I love chocolate and I love coconut, put them together and I am very happy. This recipe is not only simple and delicious, it is dairy and gluten free, so it’s a crowd pleaser for everyone. Hope you enjoy!
Chewy Chocolate Macaroons
- 4 large egg whites
- 3 cups sweetened shredded coconut
- 2 tablespoons sugar
- 2 teaspoons pure vanilla extract
- Slightly rounded ¼ teaspoon salt
- 2 oz. semisweet chocolate, chopped
- 1½ oz. bittersweet chocolate, chopped
Combine all of the ingredients in a large heatproof mixing bowl, preferably stainless steel. Set the bowl on a medium pot of simmering water, creating a double broiler. Stir mixture with a silicone spatula, scraping the bottom to prevent burning, until the mixture is very hot and very sticky (5-7 minutes). Remove from heat and set aside for 30 minutes.

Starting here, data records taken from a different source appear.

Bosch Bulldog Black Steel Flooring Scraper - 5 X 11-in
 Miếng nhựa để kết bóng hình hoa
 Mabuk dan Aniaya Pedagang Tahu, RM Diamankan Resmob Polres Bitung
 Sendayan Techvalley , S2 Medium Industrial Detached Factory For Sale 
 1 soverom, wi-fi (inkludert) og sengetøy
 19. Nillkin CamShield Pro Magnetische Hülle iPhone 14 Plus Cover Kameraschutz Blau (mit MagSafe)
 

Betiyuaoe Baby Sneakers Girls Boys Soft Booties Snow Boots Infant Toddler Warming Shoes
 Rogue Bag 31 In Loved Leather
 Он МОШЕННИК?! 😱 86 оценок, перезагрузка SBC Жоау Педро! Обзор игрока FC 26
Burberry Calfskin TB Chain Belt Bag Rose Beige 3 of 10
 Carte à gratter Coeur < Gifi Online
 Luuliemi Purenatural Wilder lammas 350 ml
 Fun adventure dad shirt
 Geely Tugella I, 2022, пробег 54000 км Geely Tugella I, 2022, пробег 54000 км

Preheat oven to 350oF, with the racks at the upper and lower third of the oven, and line two cookie sheets with parchment paper. Spoon rounded tablespoons of batter 2 inches apart on sheets and flatten each with your fingers. Bake for 13-17 minutes, rotating the pans halfway through. Transfer the parchment paper with the cookies on racks to cool, then enjoy!